▶ Problem description: Repeat the data word for word and skip the pictures.

▶ Saved data entries:
^^^^

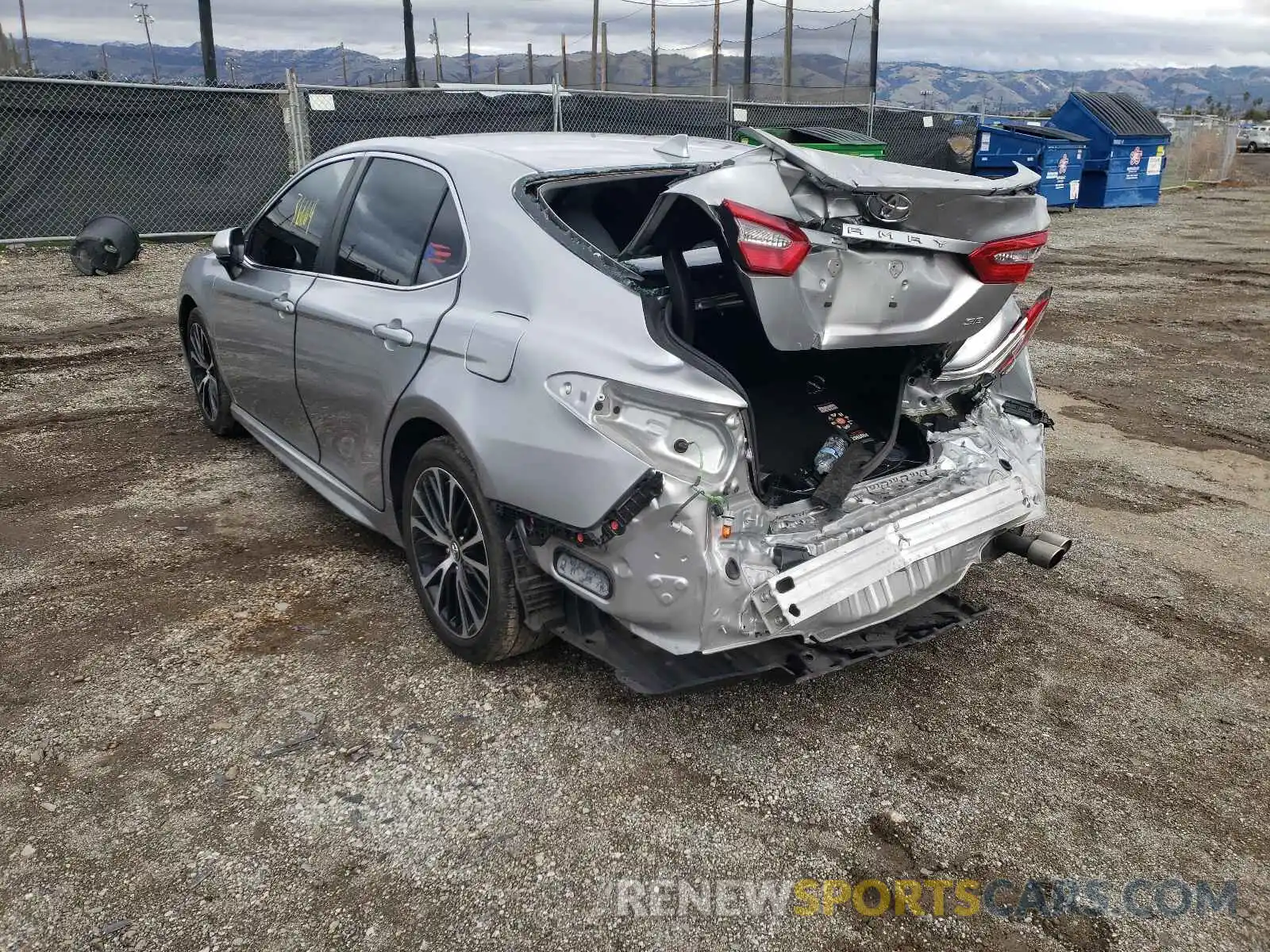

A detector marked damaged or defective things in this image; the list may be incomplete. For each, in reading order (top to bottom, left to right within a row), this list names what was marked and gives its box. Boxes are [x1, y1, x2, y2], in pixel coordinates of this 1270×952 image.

damaged rear end of car [510, 129, 1067, 695]
crumpled trunk lid [619, 132, 1046, 355]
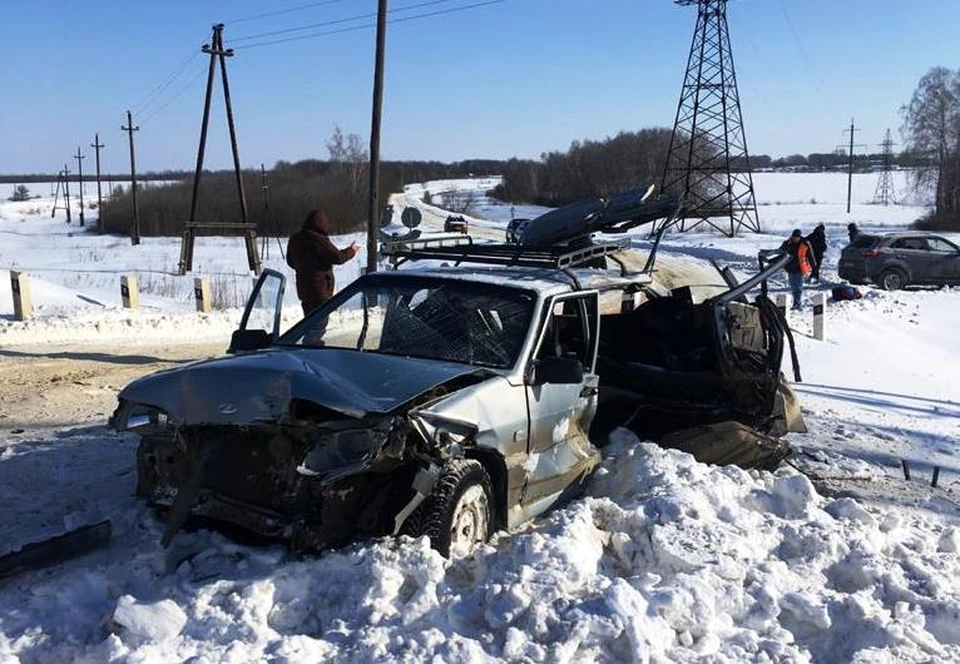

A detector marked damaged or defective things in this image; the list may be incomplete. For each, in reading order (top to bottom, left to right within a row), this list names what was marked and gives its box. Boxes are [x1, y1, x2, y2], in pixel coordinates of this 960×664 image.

shattered windshield [278, 274, 536, 368]
crumpled car hood [120, 348, 492, 426]
wrecked silver car [110, 191, 804, 556]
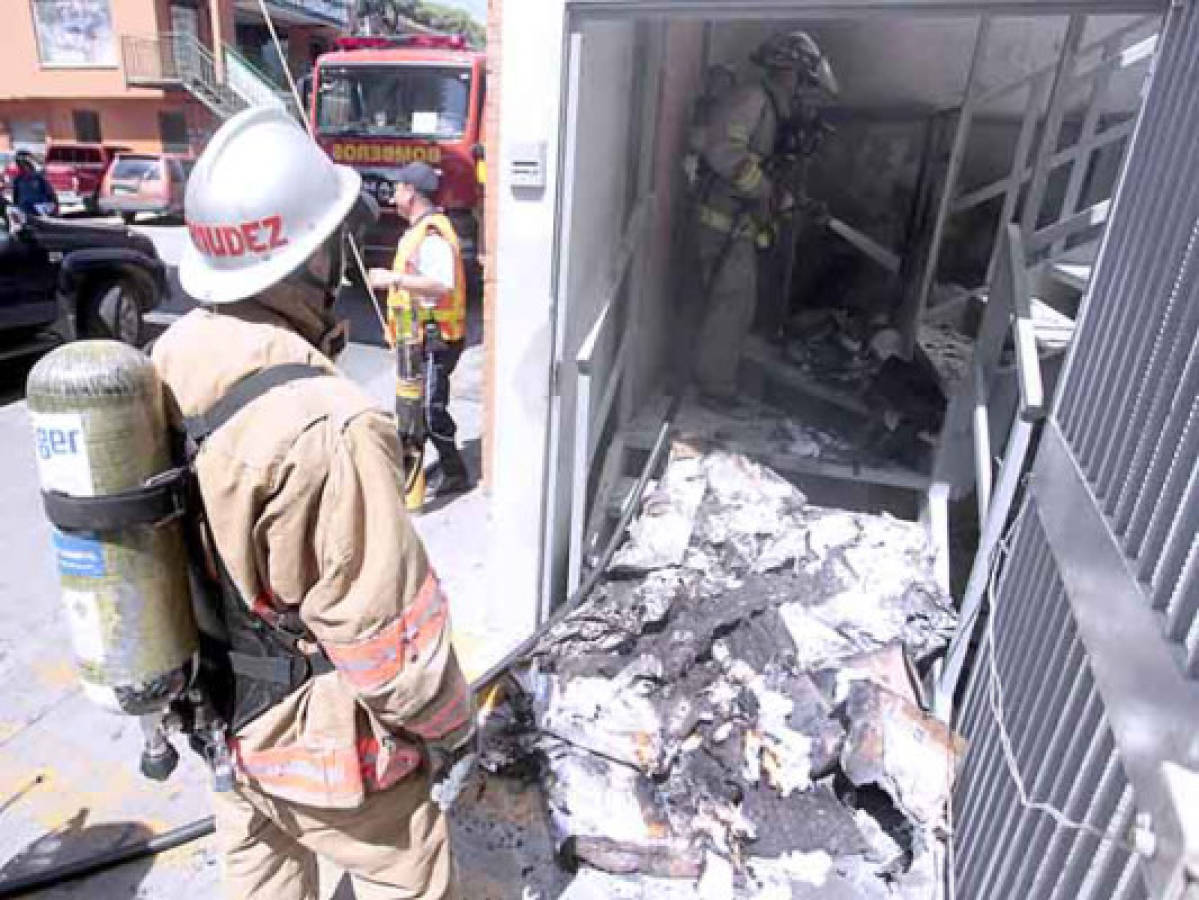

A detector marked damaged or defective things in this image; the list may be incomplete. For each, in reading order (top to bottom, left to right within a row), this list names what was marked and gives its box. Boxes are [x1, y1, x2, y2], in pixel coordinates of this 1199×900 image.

^^^^

▶ Exercise result:
A detector marked damaged or defective things in this image; the list may be incomplete. For each, in reading order (top to bottom, left to right within a row), this list names what was marked and gives its box. Boxes are [x1, y1, x2, y2], in pixel coordinates of this 1270×952 image.

damaged rear end of car [510, 129, 1067, 695]
crumpled trunk lid [619, 132, 1046, 355]

A detector marked damaged or defective things in this image; the list may be incomplete. For each, in reading order (top to bottom, left to right within a row), this list names what was marked and gives its box. Boxes are [x1, y1, x2, y2], in pixel coordinates of this 960×664 image.

shattered windshield [278, 274, 536, 368]
crumpled car hood [120, 348, 492, 426]
wrecked silver car [110, 191, 804, 556]

A detector marked damaged or defective things in this image; the list may be incomplete. For each, in reading order (top to bottom, left to right within a row), this list names what was marked and gives its box. Boxes are [x1, y1, x2, y2], in pixel coordinates of this 1199×900 image.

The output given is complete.